Beijing confirms launch of China Aerospace Engine Group as Hague ruling pushes up defence shares

China Aerospace Engine Group: Shares in Chinese defence shares have  moved sharply upward after Beijing confirmed  that it was planning to invest heavily in the China Aerospace Engine Group,  its new national aircraft engine company that is to coordinate  the government’s drive  to develop the country’s  aerospace and defence ambitions. The government  is now expected to pump hundreds of billions of yuan into the civil and military aircraft engine building industries through the group, which will bring 46 companies under one management umbrella.

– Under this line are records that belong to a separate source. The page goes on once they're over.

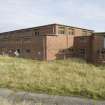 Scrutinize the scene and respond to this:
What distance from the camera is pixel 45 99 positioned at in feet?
34.1

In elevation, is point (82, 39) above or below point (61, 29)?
below

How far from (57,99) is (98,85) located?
3385 mm

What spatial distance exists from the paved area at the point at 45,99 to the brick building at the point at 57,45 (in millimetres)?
22702

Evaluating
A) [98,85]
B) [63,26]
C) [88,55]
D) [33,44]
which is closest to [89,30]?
[63,26]

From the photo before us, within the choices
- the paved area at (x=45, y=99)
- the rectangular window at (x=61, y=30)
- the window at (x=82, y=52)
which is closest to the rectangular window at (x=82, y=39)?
the window at (x=82, y=52)

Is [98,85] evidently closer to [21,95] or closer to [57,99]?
[57,99]

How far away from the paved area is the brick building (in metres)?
22.7

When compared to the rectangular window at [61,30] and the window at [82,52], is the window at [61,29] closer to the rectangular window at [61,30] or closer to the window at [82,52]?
the rectangular window at [61,30]

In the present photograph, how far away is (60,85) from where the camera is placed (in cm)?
1266

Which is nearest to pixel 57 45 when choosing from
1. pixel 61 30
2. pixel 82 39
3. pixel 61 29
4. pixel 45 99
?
pixel 82 39

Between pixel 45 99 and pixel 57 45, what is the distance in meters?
27.5

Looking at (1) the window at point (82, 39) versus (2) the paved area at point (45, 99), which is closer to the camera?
(2) the paved area at point (45, 99)

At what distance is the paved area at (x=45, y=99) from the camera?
9.95 m

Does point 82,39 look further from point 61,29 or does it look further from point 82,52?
point 61,29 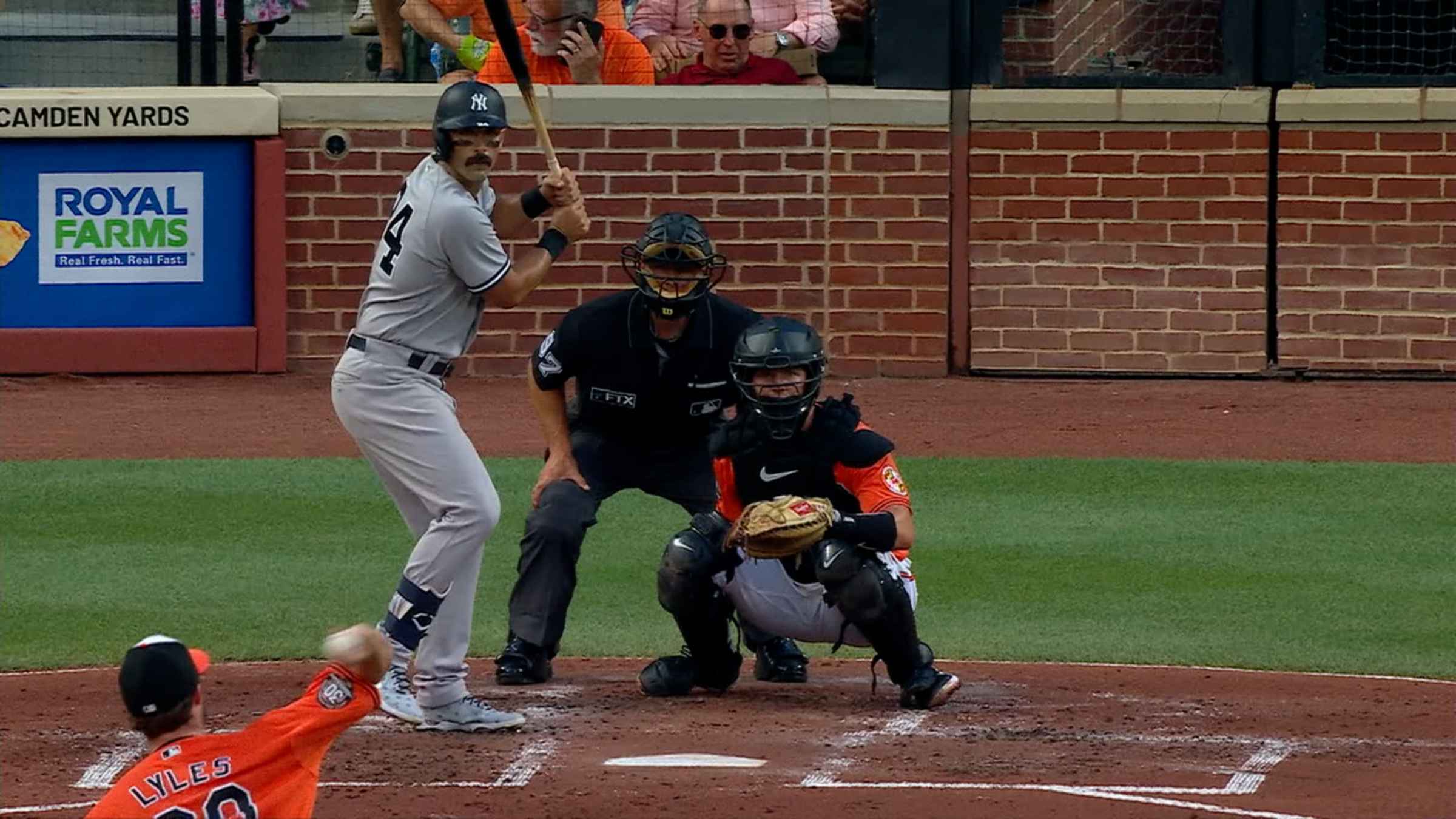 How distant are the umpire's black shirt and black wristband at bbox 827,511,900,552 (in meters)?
0.99

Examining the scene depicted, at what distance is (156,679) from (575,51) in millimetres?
9847

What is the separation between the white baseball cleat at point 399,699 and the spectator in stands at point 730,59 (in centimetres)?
748

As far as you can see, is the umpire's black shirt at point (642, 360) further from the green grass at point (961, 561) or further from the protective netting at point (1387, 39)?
the protective netting at point (1387, 39)

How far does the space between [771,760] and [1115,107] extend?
8.19 m

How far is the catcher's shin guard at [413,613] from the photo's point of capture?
625 centimetres

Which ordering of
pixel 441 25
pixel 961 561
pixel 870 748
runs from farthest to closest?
pixel 441 25
pixel 961 561
pixel 870 748

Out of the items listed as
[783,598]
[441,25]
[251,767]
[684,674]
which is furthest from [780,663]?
[441,25]

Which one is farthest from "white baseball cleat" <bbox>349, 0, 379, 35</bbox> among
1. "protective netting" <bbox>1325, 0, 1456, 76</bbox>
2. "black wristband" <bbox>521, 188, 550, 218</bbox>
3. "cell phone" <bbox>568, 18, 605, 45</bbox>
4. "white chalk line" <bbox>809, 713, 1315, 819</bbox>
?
"white chalk line" <bbox>809, 713, 1315, 819</bbox>

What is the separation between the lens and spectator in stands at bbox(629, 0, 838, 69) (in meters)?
13.7

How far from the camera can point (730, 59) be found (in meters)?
→ 13.6

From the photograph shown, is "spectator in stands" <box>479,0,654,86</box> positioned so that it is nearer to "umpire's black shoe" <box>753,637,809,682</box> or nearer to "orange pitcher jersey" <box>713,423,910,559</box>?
"umpire's black shoe" <box>753,637,809,682</box>

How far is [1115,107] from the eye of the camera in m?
13.5

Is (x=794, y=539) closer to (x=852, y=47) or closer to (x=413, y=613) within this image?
(x=413, y=613)

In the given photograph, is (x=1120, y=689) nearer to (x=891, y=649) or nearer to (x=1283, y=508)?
(x=891, y=649) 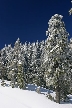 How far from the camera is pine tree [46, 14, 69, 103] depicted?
1282 inches

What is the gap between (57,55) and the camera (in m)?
32.9

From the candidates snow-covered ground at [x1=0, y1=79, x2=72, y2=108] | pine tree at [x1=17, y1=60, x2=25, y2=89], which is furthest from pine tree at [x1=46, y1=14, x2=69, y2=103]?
pine tree at [x1=17, y1=60, x2=25, y2=89]

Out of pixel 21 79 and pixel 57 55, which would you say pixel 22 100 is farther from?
pixel 21 79

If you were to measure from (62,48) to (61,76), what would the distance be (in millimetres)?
4169

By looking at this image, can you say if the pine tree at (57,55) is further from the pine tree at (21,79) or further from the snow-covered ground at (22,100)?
the pine tree at (21,79)

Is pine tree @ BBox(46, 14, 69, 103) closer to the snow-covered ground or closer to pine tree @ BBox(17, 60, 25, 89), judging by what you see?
the snow-covered ground

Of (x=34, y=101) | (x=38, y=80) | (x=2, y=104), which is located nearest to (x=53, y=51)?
(x=34, y=101)

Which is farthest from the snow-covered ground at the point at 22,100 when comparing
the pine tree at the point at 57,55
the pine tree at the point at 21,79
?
the pine tree at the point at 21,79

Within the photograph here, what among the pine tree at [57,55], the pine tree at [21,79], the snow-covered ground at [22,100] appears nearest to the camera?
the snow-covered ground at [22,100]

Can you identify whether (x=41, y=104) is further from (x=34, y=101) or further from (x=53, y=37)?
(x=53, y=37)

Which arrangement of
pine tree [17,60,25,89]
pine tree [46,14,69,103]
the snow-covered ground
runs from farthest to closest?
pine tree [17,60,25,89], pine tree [46,14,69,103], the snow-covered ground

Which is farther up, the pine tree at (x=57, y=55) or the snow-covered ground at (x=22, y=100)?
the pine tree at (x=57, y=55)

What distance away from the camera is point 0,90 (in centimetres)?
3359

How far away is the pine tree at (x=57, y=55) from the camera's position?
32.6 m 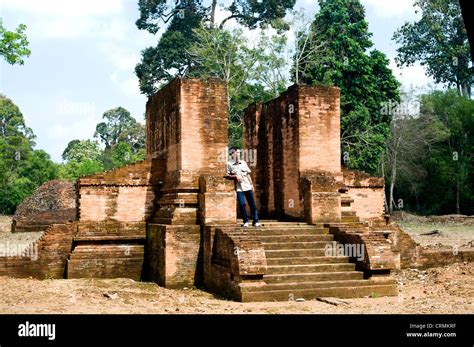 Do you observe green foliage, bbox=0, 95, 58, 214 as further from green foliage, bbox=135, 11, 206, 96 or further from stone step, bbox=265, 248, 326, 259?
stone step, bbox=265, 248, 326, 259

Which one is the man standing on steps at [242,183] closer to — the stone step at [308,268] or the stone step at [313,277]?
the stone step at [308,268]

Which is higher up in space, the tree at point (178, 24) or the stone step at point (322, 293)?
the tree at point (178, 24)

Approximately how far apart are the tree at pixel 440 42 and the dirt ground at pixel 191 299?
33.0 meters

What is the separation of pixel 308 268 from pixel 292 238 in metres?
0.85

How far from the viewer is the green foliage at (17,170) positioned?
36.6 m

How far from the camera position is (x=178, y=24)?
36.3 metres

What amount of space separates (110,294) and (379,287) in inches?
182

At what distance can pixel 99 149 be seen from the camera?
2313 inches

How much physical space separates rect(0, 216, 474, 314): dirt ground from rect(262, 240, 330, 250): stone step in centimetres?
138

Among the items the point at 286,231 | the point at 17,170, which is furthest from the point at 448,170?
the point at 17,170

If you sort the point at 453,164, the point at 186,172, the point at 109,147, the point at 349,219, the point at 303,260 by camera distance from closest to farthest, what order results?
the point at 303,260, the point at 186,172, the point at 349,219, the point at 453,164, the point at 109,147

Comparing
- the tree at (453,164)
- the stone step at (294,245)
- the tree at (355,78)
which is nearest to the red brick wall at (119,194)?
the stone step at (294,245)

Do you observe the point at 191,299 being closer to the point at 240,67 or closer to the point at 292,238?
the point at 292,238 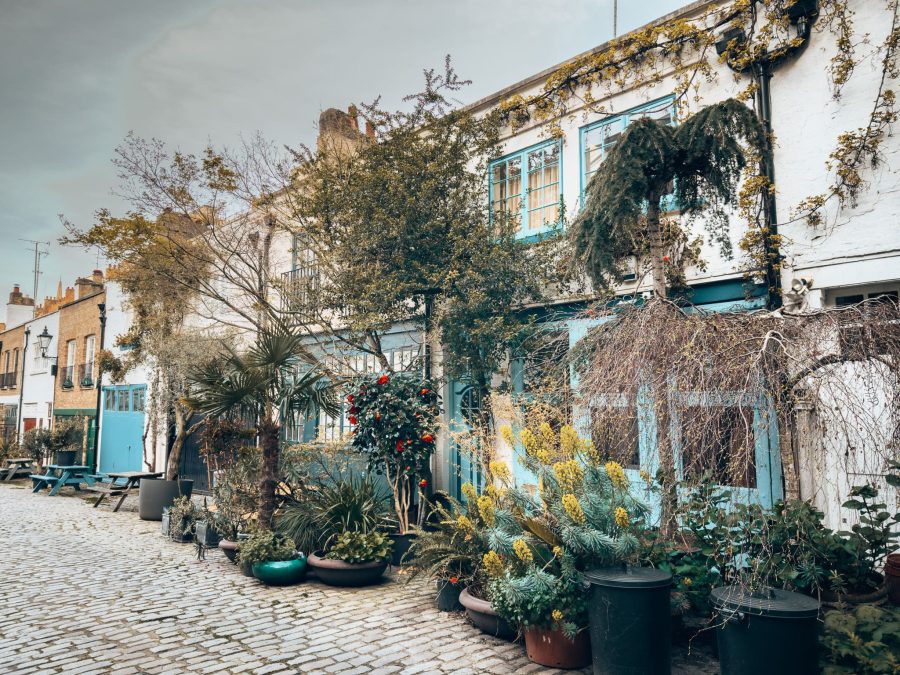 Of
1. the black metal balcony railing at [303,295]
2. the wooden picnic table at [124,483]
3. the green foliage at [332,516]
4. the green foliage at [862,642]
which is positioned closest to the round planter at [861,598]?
the green foliage at [862,642]

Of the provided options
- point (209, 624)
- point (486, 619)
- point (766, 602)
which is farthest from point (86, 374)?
point (766, 602)

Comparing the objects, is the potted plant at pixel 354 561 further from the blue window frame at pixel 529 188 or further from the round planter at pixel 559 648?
the blue window frame at pixel 529 188

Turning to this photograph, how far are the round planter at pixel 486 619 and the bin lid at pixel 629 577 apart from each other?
117 cm

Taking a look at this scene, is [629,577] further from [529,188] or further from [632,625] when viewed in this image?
[529,188]

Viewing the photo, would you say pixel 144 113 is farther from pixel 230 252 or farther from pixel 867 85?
pixel 867 85

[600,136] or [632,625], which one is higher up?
[600,136]

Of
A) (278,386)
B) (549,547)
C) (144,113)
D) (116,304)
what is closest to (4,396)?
(116,304)

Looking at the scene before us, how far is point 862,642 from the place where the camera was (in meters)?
3.77

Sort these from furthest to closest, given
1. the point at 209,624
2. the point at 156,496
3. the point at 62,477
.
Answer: the point at 62,477, the point at 156,496, the point at 209,624

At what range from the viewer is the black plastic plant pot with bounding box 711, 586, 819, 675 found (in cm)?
379

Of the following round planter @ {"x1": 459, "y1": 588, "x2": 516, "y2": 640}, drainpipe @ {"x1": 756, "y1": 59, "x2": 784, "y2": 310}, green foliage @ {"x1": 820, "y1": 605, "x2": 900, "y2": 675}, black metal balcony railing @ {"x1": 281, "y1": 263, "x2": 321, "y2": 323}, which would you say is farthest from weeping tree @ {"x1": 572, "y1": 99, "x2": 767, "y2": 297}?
black metal balcony railing @ {"x1": 281, "y1": 263, "x2": 321, "y2": 323}

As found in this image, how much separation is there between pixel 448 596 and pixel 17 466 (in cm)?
2154

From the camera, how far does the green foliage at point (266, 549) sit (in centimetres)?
732

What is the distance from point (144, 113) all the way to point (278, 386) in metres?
7.31
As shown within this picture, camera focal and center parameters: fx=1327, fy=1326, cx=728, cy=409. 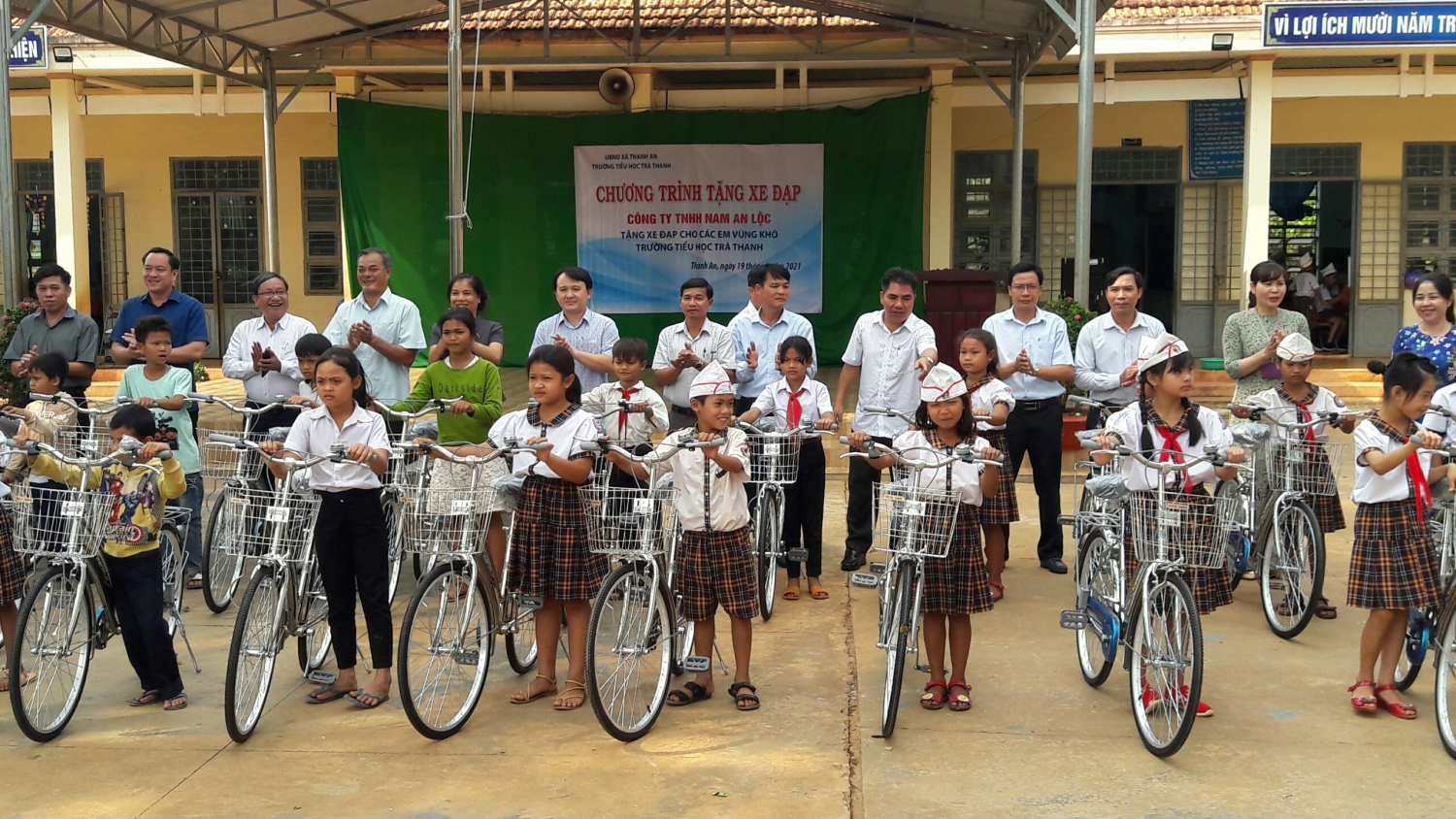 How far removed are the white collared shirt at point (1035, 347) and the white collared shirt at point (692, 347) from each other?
1369 millimetres

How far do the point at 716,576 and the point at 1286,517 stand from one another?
2.67 m

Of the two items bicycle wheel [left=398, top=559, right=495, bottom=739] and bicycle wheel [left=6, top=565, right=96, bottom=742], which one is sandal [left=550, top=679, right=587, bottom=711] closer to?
bicycle wheel [left=398, top=559, right=495, bottom=739]

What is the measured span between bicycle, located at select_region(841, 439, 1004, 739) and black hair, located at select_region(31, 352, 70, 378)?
11.1 feet

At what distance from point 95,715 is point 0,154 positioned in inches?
189

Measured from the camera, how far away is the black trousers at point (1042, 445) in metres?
6.66

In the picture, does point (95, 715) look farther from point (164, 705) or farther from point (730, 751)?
point (730, 751)

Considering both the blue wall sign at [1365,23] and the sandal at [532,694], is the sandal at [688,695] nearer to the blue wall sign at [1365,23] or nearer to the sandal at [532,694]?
the sandal at [532,694]

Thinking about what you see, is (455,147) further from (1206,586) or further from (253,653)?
(1206,586)

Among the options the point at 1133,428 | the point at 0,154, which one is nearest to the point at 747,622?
the point at 1133,428

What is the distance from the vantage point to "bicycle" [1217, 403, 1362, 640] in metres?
5.49

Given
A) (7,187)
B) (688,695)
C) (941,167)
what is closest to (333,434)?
(688,695)

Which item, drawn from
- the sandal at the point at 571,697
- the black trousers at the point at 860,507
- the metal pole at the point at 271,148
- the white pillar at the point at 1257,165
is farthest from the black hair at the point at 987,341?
the metal pole at the point at 271,148

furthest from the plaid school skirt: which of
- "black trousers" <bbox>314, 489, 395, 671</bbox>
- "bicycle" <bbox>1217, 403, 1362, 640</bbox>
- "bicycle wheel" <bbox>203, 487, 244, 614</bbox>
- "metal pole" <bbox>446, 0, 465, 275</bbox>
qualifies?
"metal pole" <bbox>446, 0, 465, 275</bbox>

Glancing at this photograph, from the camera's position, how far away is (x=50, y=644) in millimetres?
4375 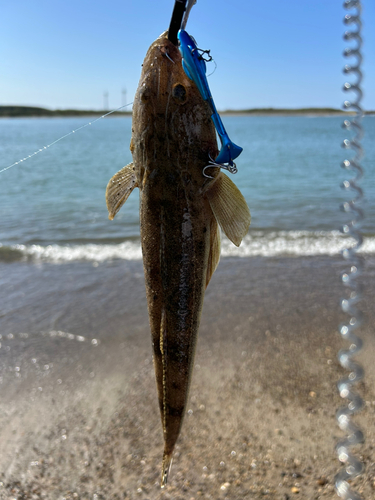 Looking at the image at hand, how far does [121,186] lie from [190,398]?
3220mm

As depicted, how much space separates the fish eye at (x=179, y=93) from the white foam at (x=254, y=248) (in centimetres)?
789

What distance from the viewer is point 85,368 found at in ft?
17.8

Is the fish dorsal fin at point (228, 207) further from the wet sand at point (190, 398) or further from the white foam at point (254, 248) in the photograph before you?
the white foam at point (254, 248)

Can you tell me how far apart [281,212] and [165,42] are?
44.0 feet

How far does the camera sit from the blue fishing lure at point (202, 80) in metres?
1.66

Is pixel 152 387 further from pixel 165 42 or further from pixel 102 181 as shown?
pixel 102 181

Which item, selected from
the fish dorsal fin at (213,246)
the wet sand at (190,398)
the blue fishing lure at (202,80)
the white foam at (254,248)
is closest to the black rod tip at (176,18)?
the blue fishing lure at (202,80)

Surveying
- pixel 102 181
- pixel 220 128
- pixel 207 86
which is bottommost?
pixel 102 181

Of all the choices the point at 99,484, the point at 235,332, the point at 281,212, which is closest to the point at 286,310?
the point at 235,332

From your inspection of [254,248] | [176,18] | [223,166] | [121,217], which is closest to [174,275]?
[223,166]

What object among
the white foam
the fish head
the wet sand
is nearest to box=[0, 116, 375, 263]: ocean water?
the white foam

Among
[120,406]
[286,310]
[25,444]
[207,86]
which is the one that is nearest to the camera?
[207,86]

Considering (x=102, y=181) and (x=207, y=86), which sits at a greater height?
(x=207, y=86)

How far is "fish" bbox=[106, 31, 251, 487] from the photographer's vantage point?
6.09 feet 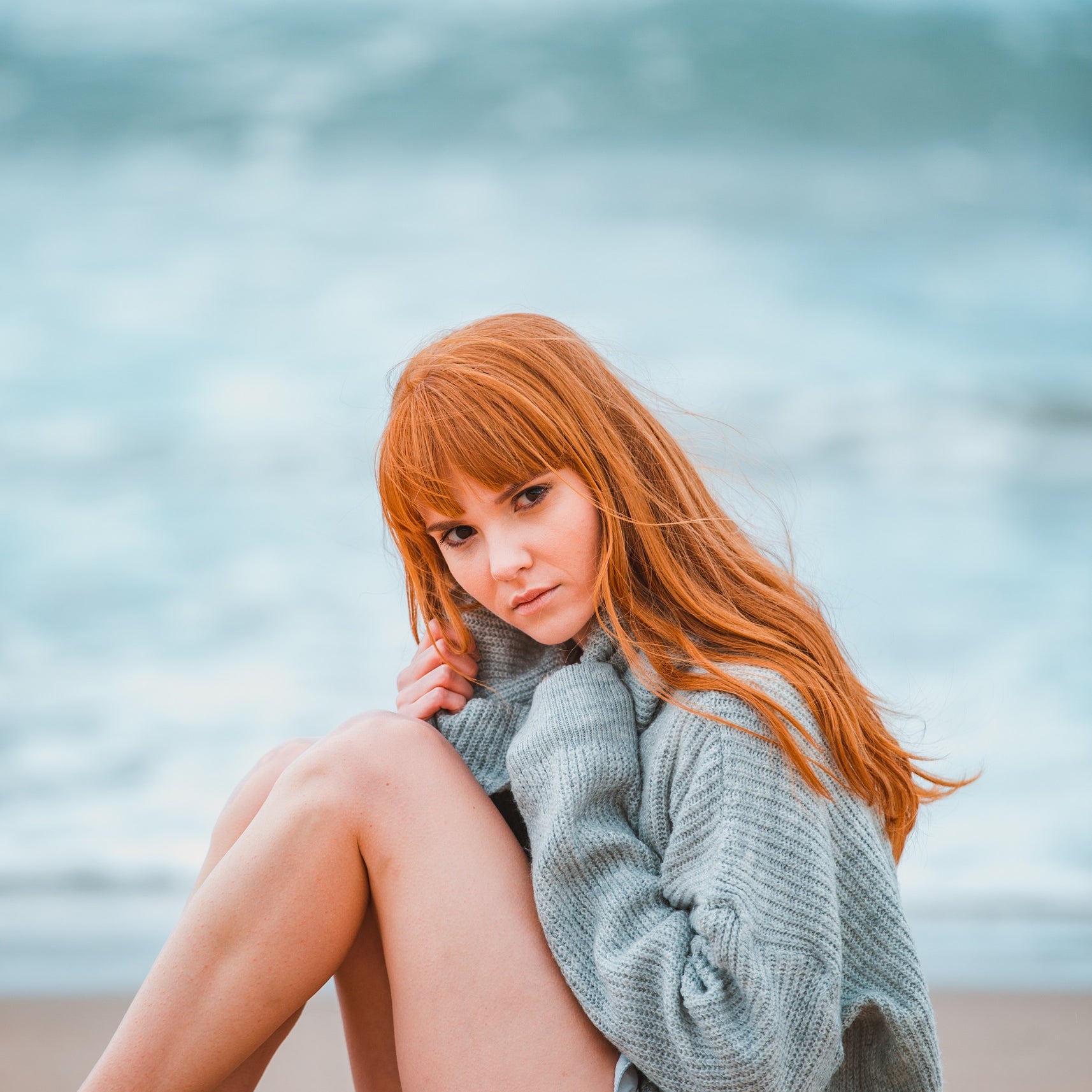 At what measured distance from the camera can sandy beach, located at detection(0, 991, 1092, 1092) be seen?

The group was officially launched at the end of May with a registered capital of $7.62bn. The announcement was  made to coincide with the ruling by the international tribunal in the Hague that  China’s claims to sovereignty over much of the South China Sea had no legal basis and overwhelmingly backed the Philippines by ruling that the islands claimed by China – some of which are exposed only at low tide – cannot be used as the basis of territorial claims. It said some of the waters in question were “within the exclusive economic zone of the Philippines, because those areas are not overlapped by any possible entitlement of China”. It also  found that China had violated the Philippines’ sovereign rights in those waters by interfering with its fishing and petroleum exploration and by constructing artificial islands.
Shares in China Aerospace International Holdings, AviChina Industry & Technology,  the China Shipbuilding Industry and Sainty Marine Corp rose by 4.22%, 2.64%, 0.82% and  and  9.97% respectively.